I really appreciate some facets of my California upbringing in regards to an active lifestyle and attentive body focus, though you really nailed it when you said that "body image can be a vice"... I think that's what it is for a lot of girls I know. They aren't going to eating disorder treatment centers or anything like that... it's just a vice. As it gets to be with me sometimes.
Lesley Miller said…
I loved this post, Corrine. Wise, original and well written thoughts. What's interesting for me is that I didn't start paying attention to my body image until after college when I lost about 15-20 pounds. (I was living with you at the time...) I started exercising which I hadn't done since high school, and I stopped eating cafeteria food. Those two things combined made it very easy to shed weight, even though it wasn't my intention. I had many girls ask me if I had an eating disorder because of the weight loss, which I was offended by. (I shouldn't have been, they simply cared about me, but it was the first time I realized just how much others paid attention to my body.) Now that I've experienced firsthand how other women pay attention, it makes me more paranoid when I've gained weight. I figure, if they noticed I lost weight, they'll certainly notice if I've gained some. Isn't that weird? I don't worry what my husband will think but I worry about other women. I hate that.
Danielle said…
I'm a teenager living in Australia and although ideas aren't as extreme about skinny=beautiful as they are in California they are definitely still very prevalent and the media is full of the 'perfect' airbrushed girls, this is a great article and very well written and hopefully one day the rest of the world can learn to have more emphasis on health and wellbeing like Sweden/London seem to primarily on what size you are.
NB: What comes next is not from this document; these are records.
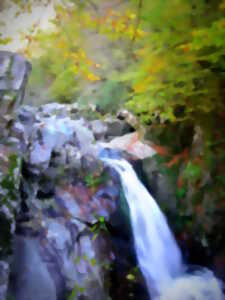 photo Découverte nature au Massif des Agriers et dans la vallée du Chavanon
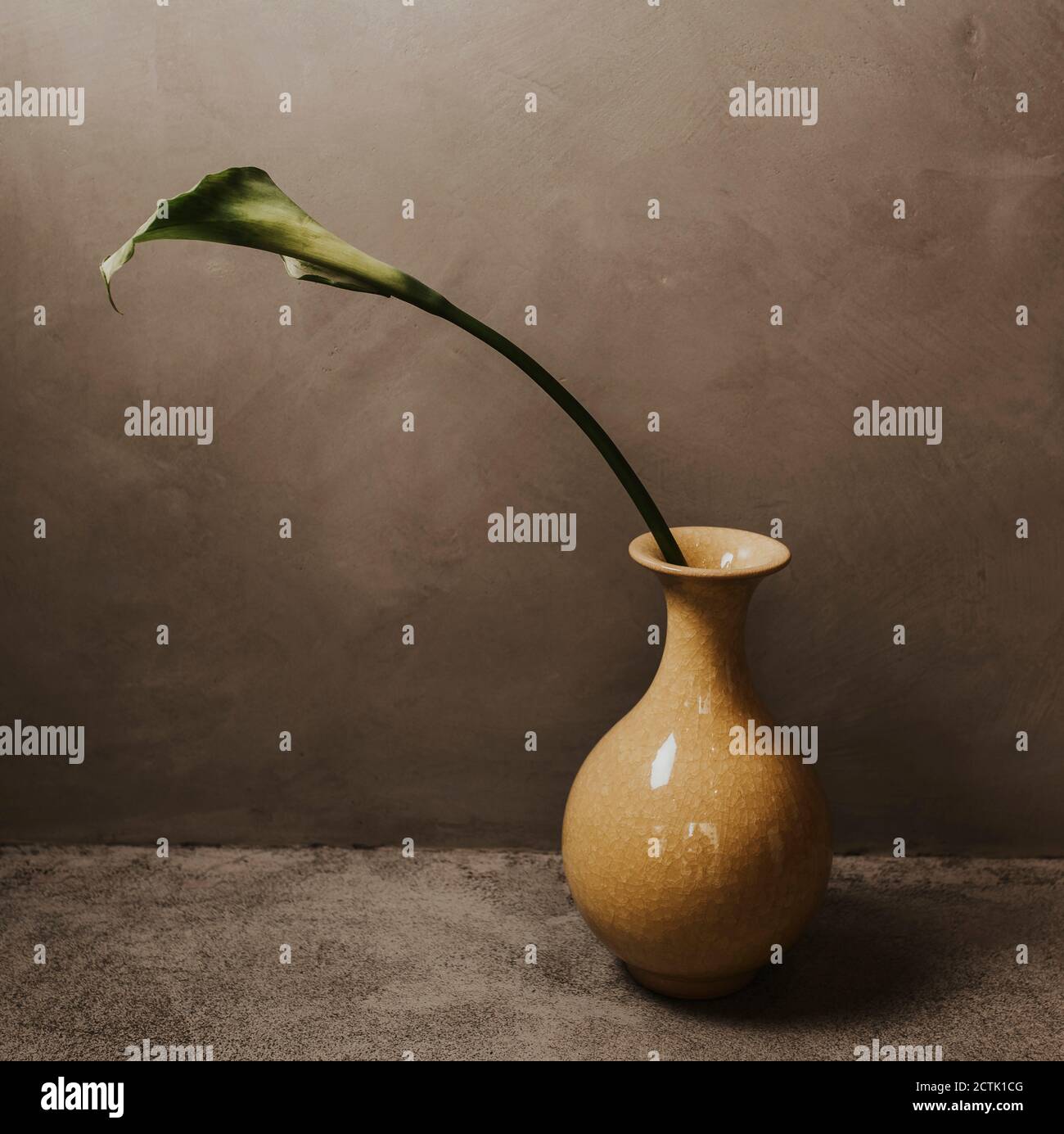 Gros plan de la feuille dans un vase sur une table contre un mur en béton à la maison Banque D'Images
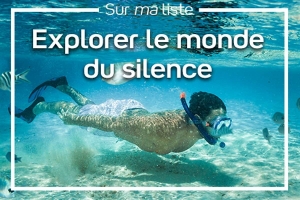 Explorer le Monde du Silence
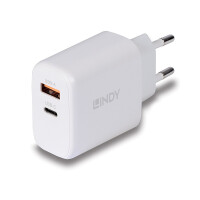 Lindy 65W USB Typ A &amp; C GaN Charger - PC-/Server Netzteil - Parallel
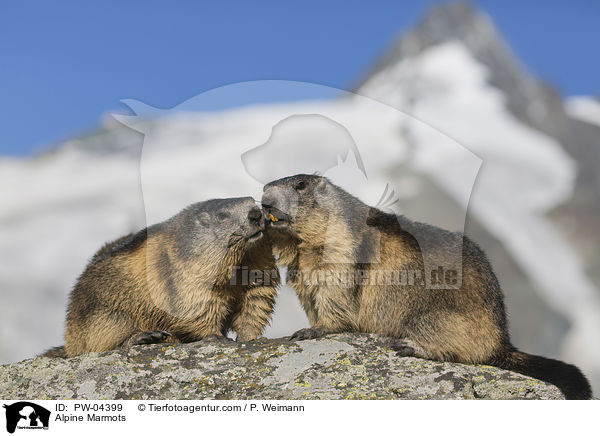 Alpine Marmots / PW-04399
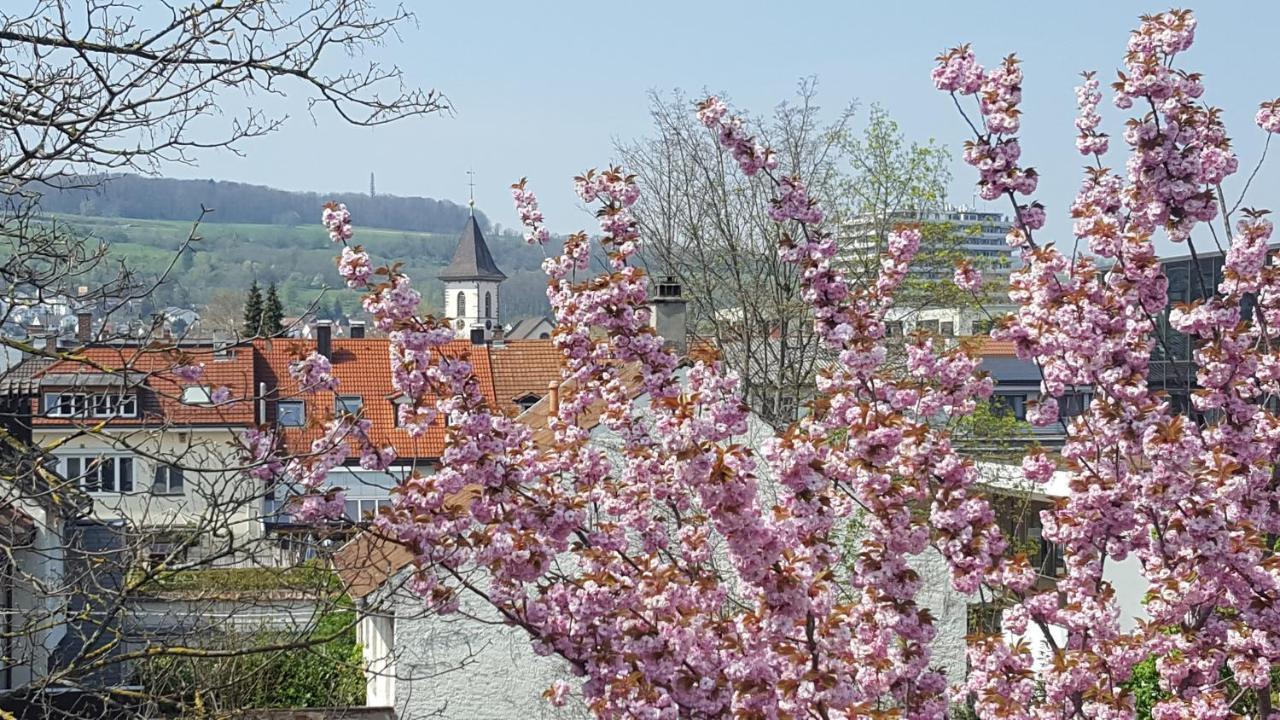 Villa Am Rosenfelspark Леррах Екстер'єр фото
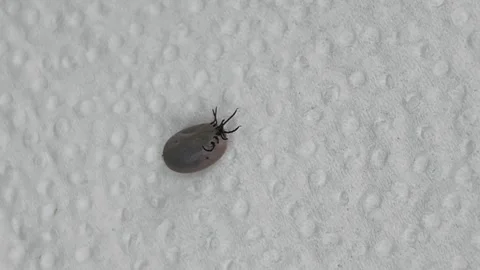 Brown dog tick removed from the side lies upside down on a white napkin Stock Footage 308969135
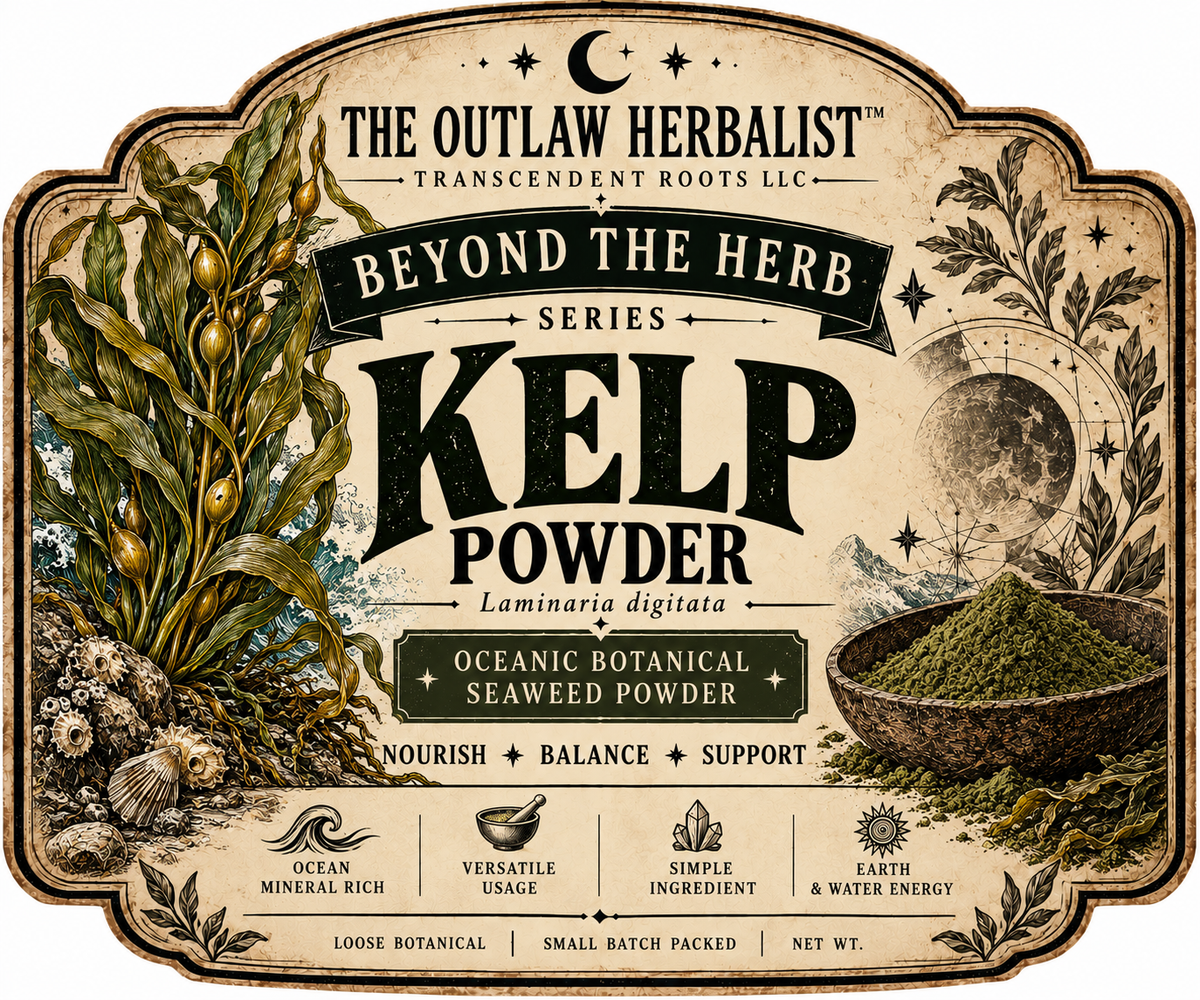 Kelp Powder | Beyond the Herb Series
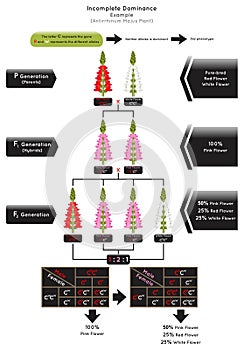 Incomplete Dominance Infographic Diagram with example of antirrhinum majus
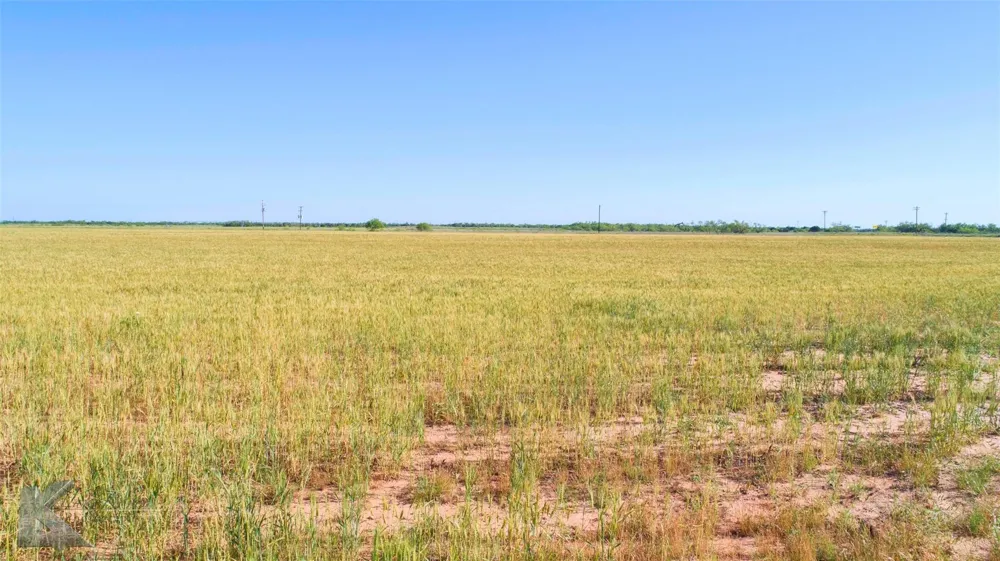 9533 FM 617 Rochester, TX 79544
Being so skinny is so unobtainable and I sympathize the people who miss out on eating delicious food out of fear of gaining weight, just recently i heard one of my friends saying how she "was going to go to Grill'd(burger place) with her boyfriend tomorrow night so she wasn't eating until then" Thanks:))
Unknown said…
You are a fantastic writer, I was a little bummed that you used a pen name because I wanted to see if you’ve written other things since this. Excellent piece, very well thought out and articulated and I can tell it was something you felt a little vulnerable about writing, but I’m so glad you did.